▶ [EXERCISE DIRECTIONS]
Word for word, copy the line that contains "#om2#2b - 1400 Bayly Street Property Photo 6" and each line after it in the data below. Pictures stay out of the copy.

** Opening TASK DATA block **

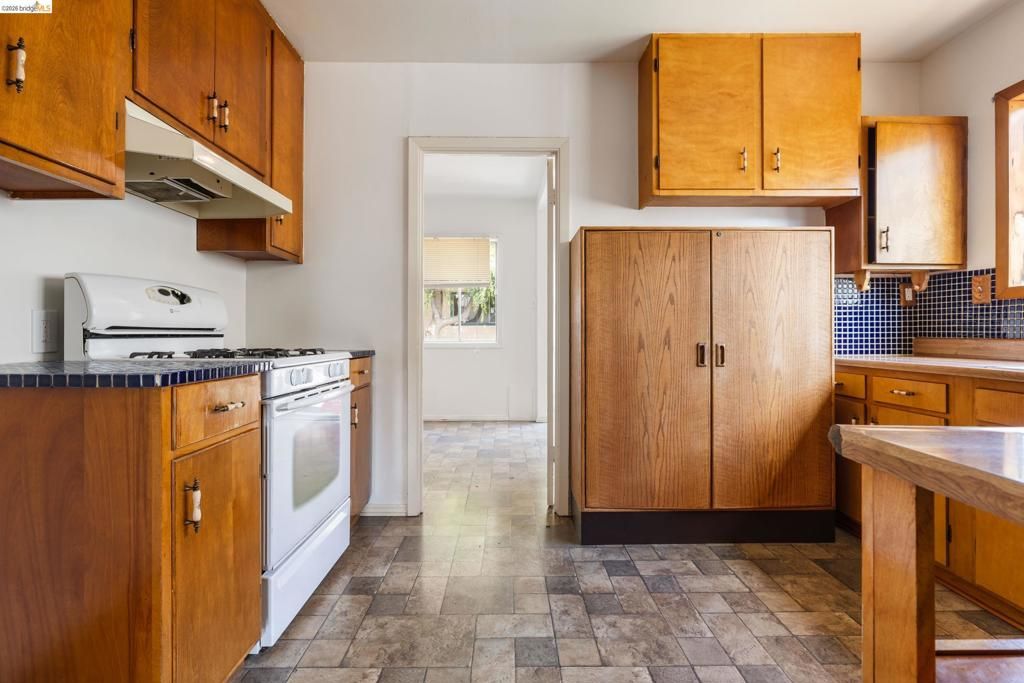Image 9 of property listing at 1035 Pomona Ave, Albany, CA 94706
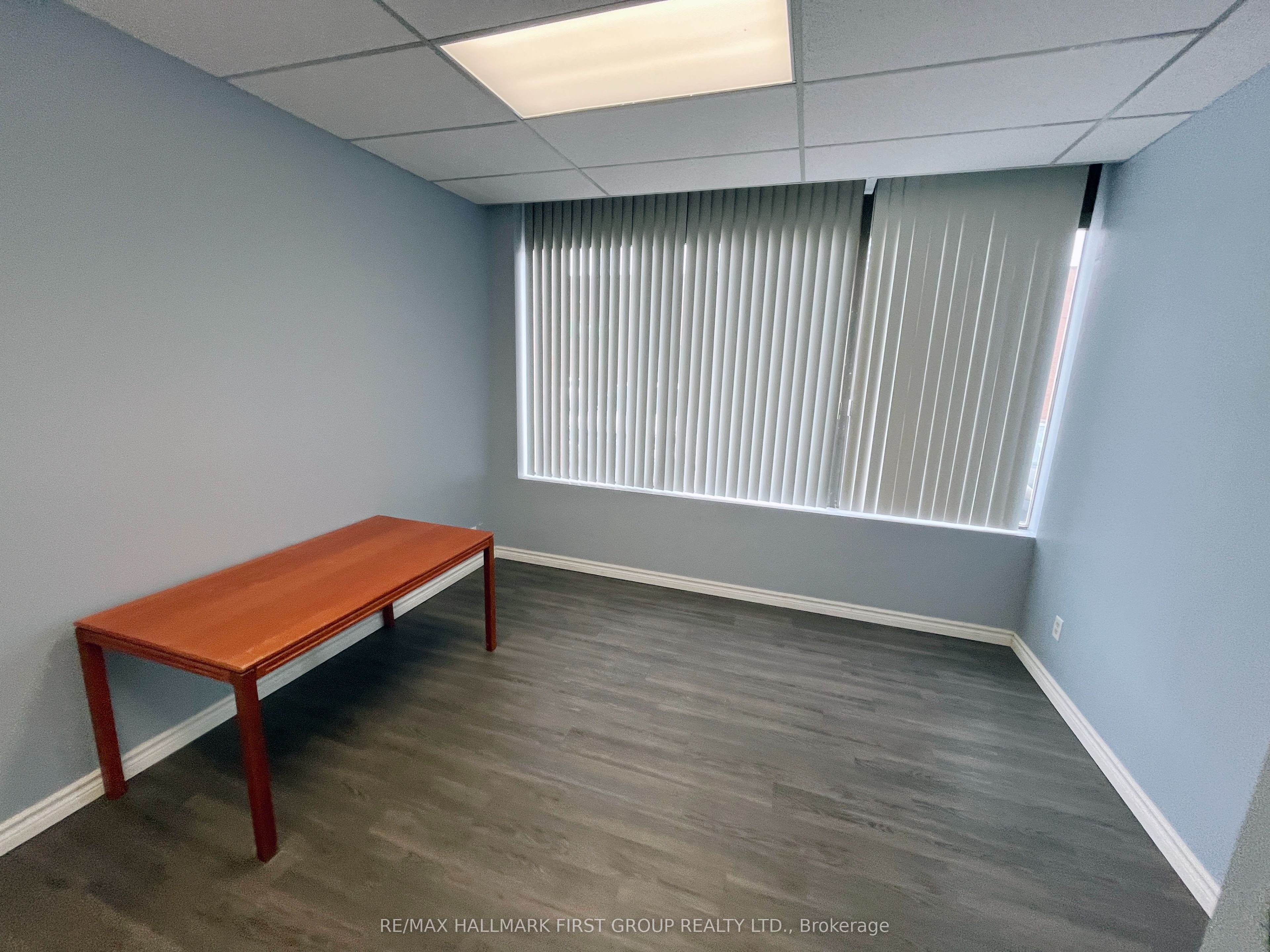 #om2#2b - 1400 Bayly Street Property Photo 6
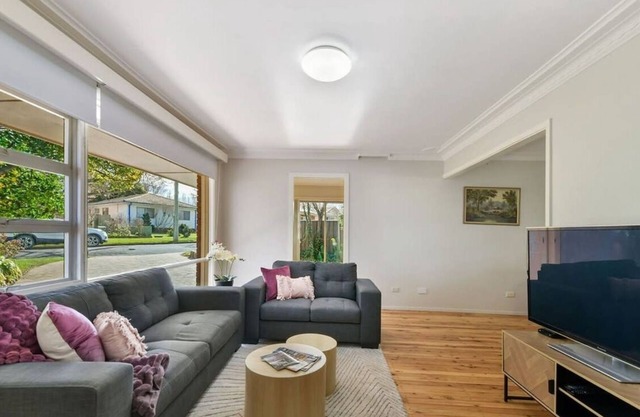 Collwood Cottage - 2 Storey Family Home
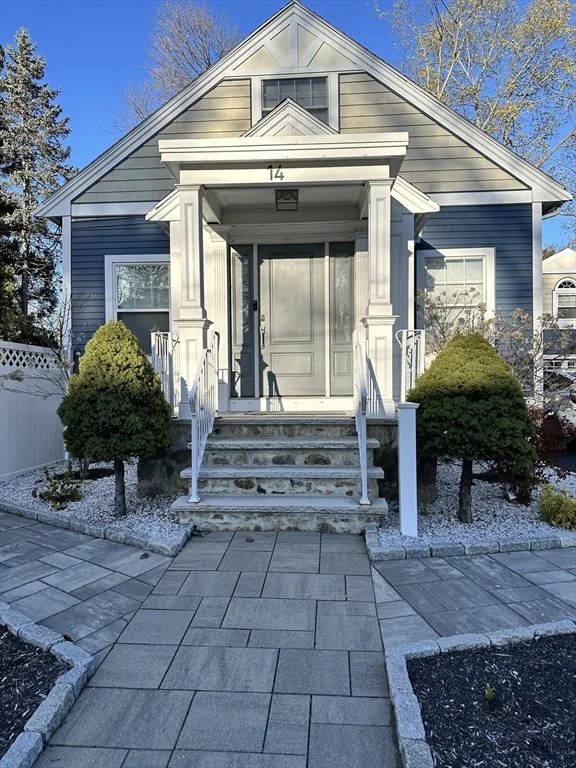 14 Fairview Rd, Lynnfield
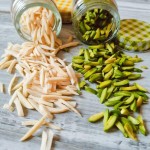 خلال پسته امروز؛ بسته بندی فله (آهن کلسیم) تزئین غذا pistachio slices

** Closing TASK DATA block **

▶ [ANSWER]
 #om2#2b - 1400 Bayly Street Property Photo 6
 Collwood Cottage - 2 Storey Family Home
 14 Fairview Rd, Lynnfield
 خلال پسته امروز؛ بسته بندی فله (آهن کلسیم) تزئین غذا pistachio slices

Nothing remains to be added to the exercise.